YOUR OBJECTIVE: The line containing "2004-2008 Ford F-150" and every line after it to the end of the records: set those down exactly, without any pictures.

Short descriptive text snippets
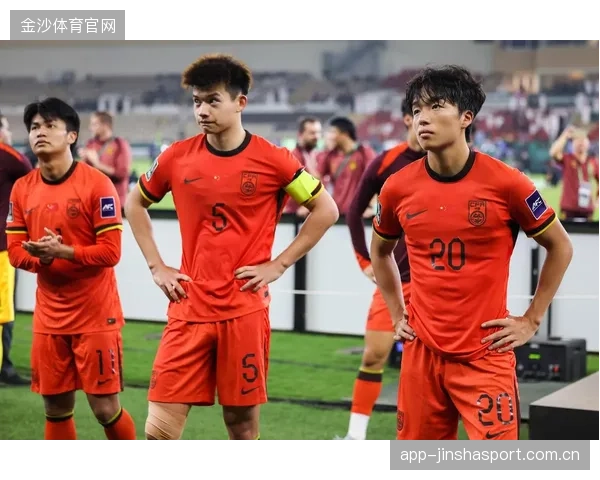 安东尼奥战术反人性，U23国足靠防守赢铜牌——中国足球新生代的“逆袭之路”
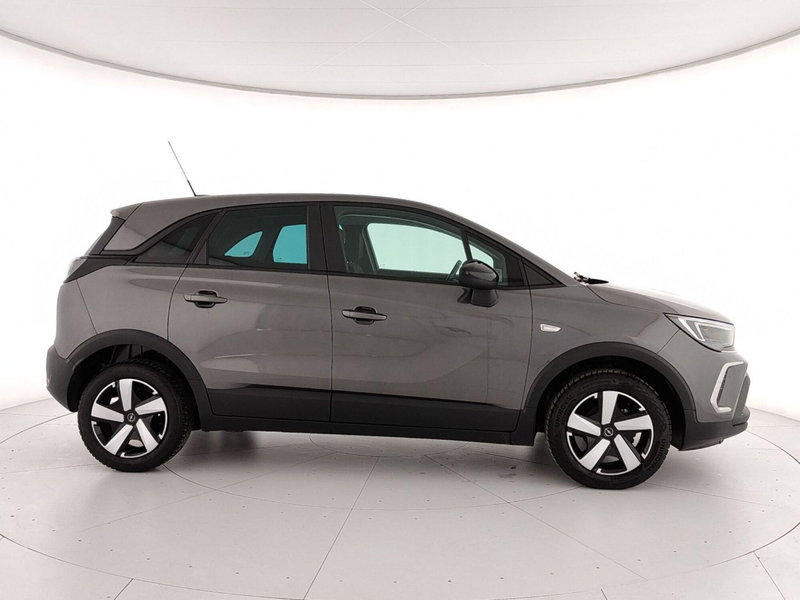 Opel Crossland usata a Caserta (7)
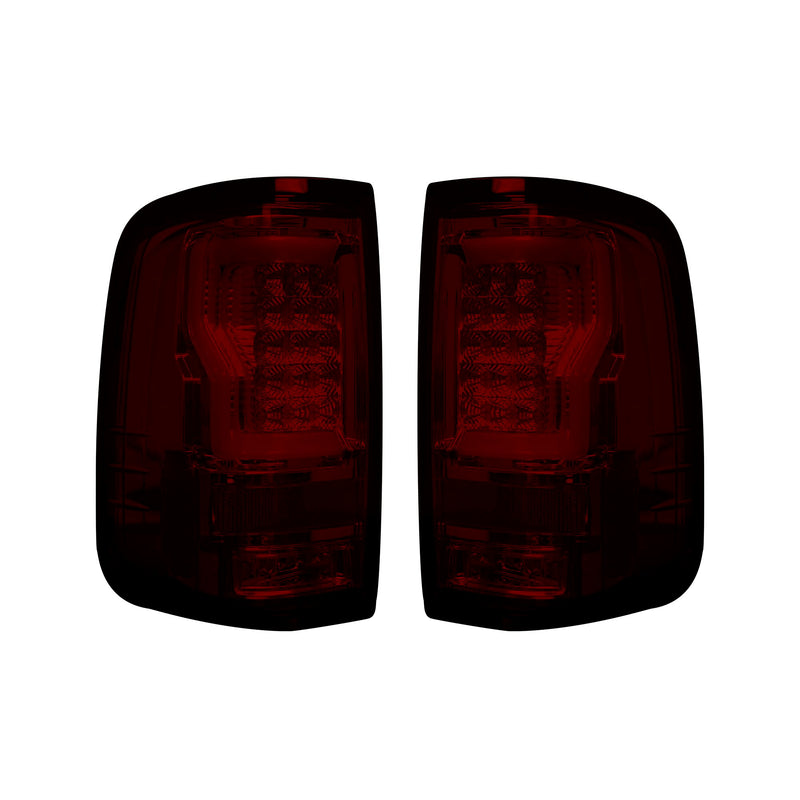 2004-2008 Ford F-150 Recon Styleside OLED Tail Lights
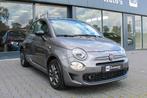 Fiat 500 1.0 Hybrid Connect AIRCO SPORT, Stof, Gebruikt, 4 stoelen, Bedrijf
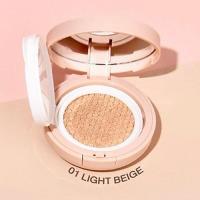 ราคา สิวันนา คัฟเวอร์ คุชชั่น เนื้อแมท 14g HF169 Sivanna Colors Cover All Brightening Perfect Cushion (22043191611)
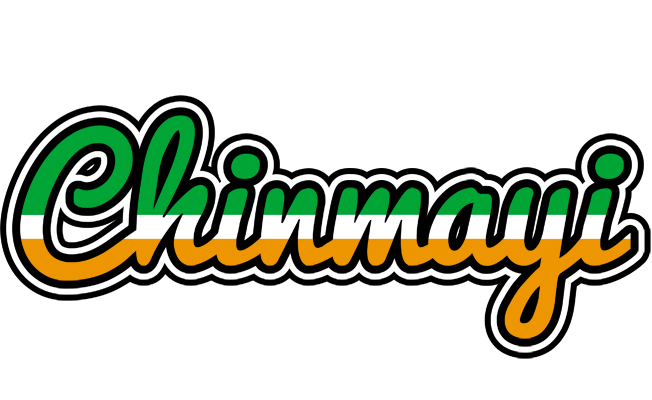 Chinmayi ireland logo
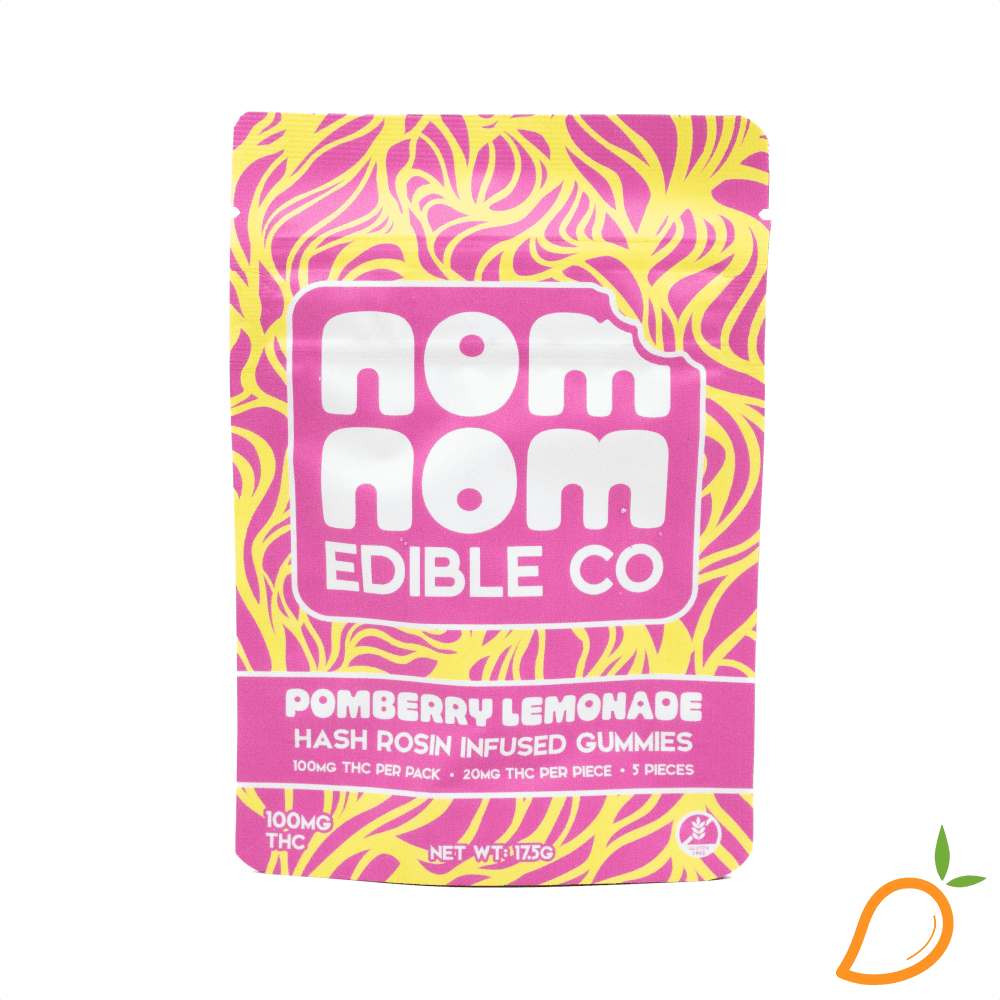 Nom Nom Edible Co.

RESPONSE AREA:
 2004-2008 Ford F-150 Recon Styleside OLED Tail Lights
 Fiat 500 1.0 Hybrid Connect AIRCO SPORT, Stof, Gebruikt, 4 stoelen, Bedrijf
 ราคา สิวันนา คัฟเวอร์ คุชชั่น เนื้อแมท 14g HF169 Sivanna Colors Cover All Brightening Perfect Cushion (22043191611)
 Chinmayi ireland logo
 Nom Nom Edible Co.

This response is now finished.